Let's Go Back to the Bible

The Key to David’s Spirituality, and Ours

I marvel at how often the book of Psalms talks about meditating on the word of God. Most of those psalms were written by David, the man God describes as having a heart like God Himself. Perhaps the key to our own spiritual growth is found in doing what David did to have a godly heart. The goal in our life should be to insure that the words of our lips come from a heart which has the words of God engraved on it.

Take time to consider the following places where the psalmist speaks of meditating on the Bible:  “In His law he mediates day and night . . .  Let the words of my mouth and the mediation of my heart be acceptable in Your sight. . . . I meditate on You in the night watches. . . . I will also mediate on all Your work, and talk of Your deeds. . . . I will meditate on Your precepts, and contemplate Your ways. . . . Your servant meditates on Your statutes. . . . So shall I meditate on Your wonderful works. . . . And I will meditate on your statutes. . . . But I will meditate on Your precepts. . . . Oh, how I love Your law! It is my meditation all the day. . . . For your testimonies are my meditation. . . . I meditate on all Your works. . . . I meditate on the glorious splendor of Your majesty” (1:2; 19:14; 63:6; 77:12; 119:15, 23, 27, 48, 78, 97, 99, 148; 143:5; 145:5).
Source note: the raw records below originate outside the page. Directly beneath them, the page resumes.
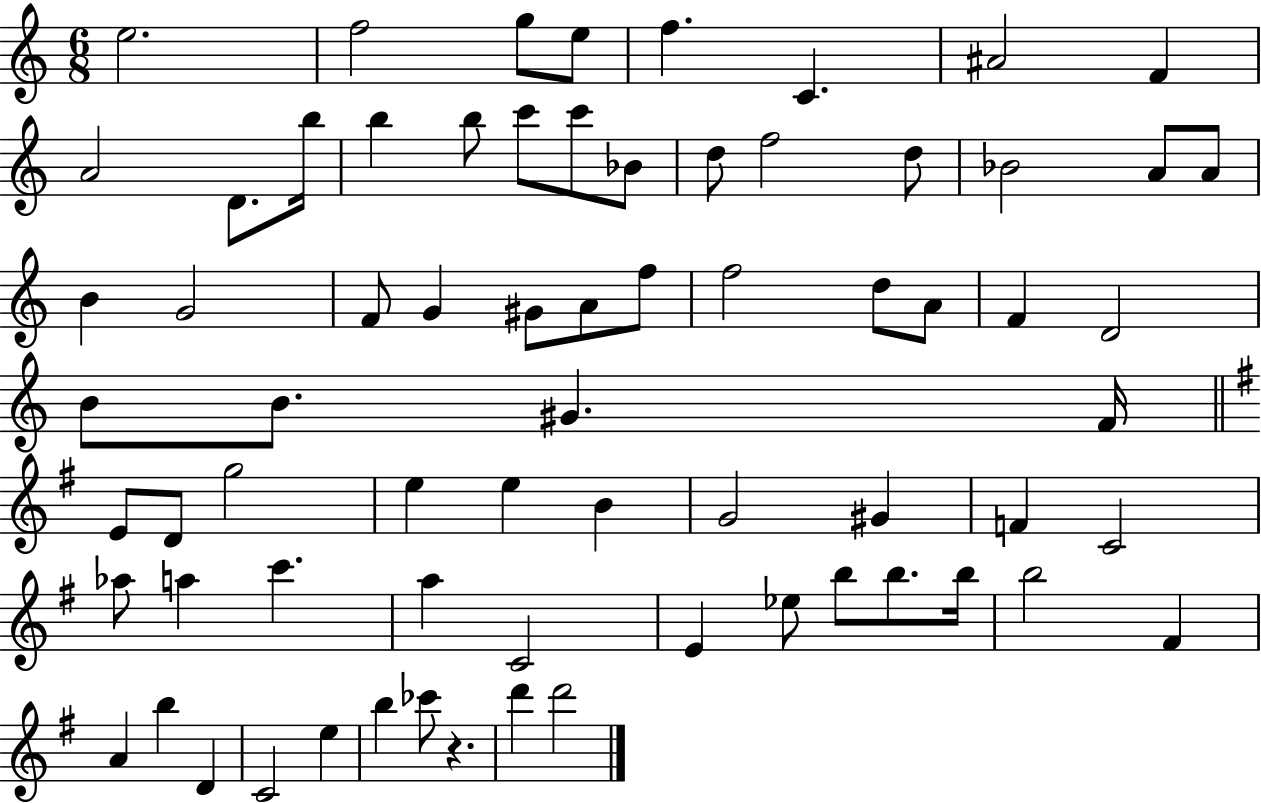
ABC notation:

X:1
T:Untitled
M:6/8
L:1/4
K:C
e2 f2 g/2 e/2 f C ^A2 F A2 D/2 b/4 b b/2 c'/2 c'/2 _B/2 d/2 f2 d/2 _B2 A/2 A/2 B G2 F/2 G ^G/2 A/2 f/2 f2 d/2 A/2 F D2 B/2 B/2 ^G F/4 E/2 D/2 g2 e e B G2 ^G F C2 _a/2 a c' a C2 E _e/2 b/2 b/2 b/4 b2 ^F A b D C2 e b _c'/2 z d' d'2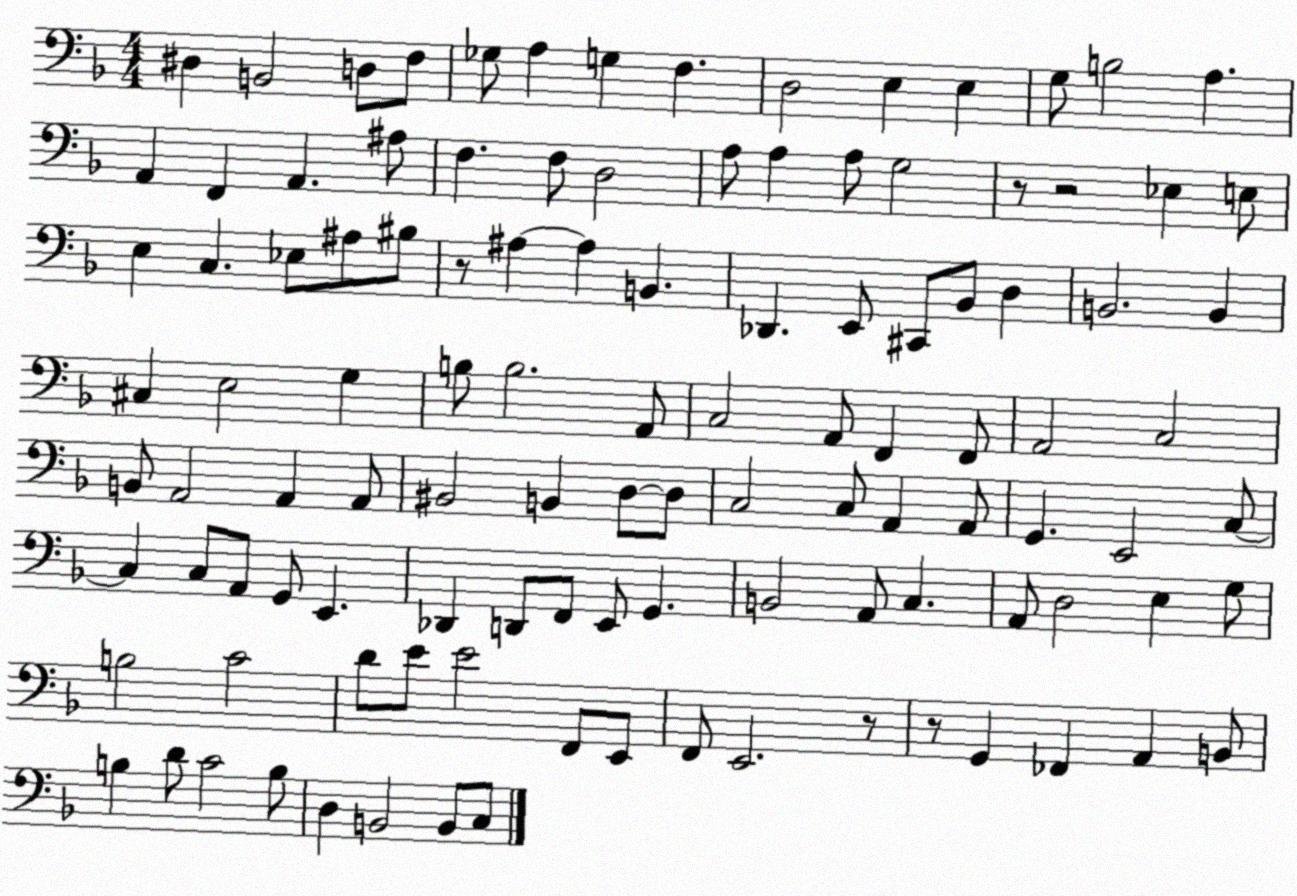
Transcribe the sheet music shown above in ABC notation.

X:1
T:Untitled
M:4/4
L:1/4
K:F
^D, B,,2 D,/2 F,/2 _G,/2 A, G, F, D,2 E, E, G,/2 B,2 A, A,, F,, A,, ^A,/2 F, F,/2 D,2 A,/2 A, A,/2 G,2 z/2 z2 _E, E,/2 E, C, _E,/2 ^A,/2 ^B,/2 z/2 ^A, ^A, B,, _D,, E,,/2 ^C,,/2 _B,,/2 D, B,,2 B,, ^C, E,2 G, B,/2 B,2 A,,/2 C,2 A,,/2 F,, F,,/2 A,,2 C,2 B,,/2 A,,2 A,, A,,/2 ^B,,2 B,, D,/2 D,/2 C,2 C,/2 A,, A,,/2 G,, E,,2 C,/2 C, C,/2 A,,/2 G,,/2 E,, _D,, D,,/2 F,,/2 E,,/2 G,, B,,2 A,,/2 C, A,,/2 D,2 E, G,/2 B,2 C2 D/2 E/2 E2 F,,/2 E,,/2 F,,/2 E,,2 z/2 z/2 G,, _F,, A,, B,,/2 B, D/2 C2 B,/2 D, B,,2 B,,/2 C,/2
How can we imagine that David would not have taken time to follow the instructions of Moses? “Also it shall be, when he sits on the throne of his kingdom, that he shall write for himself a copy of this law in a book, from the one before the priests, the Levites. And it shall be with him, and he shall read it all the days of his life, that he may learn to fear the LORD his God and be careful to observe all the words of this law and these statutes, that his heart may not be lifted above his brethren, that he may not turn aside from the commandment to the right hand or to the left, and that he may prolong his days in his kingdom, he and his children in the midst of Israel”  (Deut. 17:18-20).         In your imagination, watch the thirty year old King David ascend to the throne. See him every day reading his own handwritten copy of the scriptures. See him, as he reads, taking time to stop and meditate on the words he has just read. Herein lies the key to great spiritual growth. Would to God that elders, preachers, parents and every Christian would reflect every day on the verses which address their God-given responsibility!

When David became king, how much of the Bible had been written?  Obviously, the books of Moses and the books of Job, Joshua and Judges, but what others? David’s Bible had less than ten books of the Bible. Can you imagine his joy if he had had your Bible of 66 books! Where is your joy in meditation?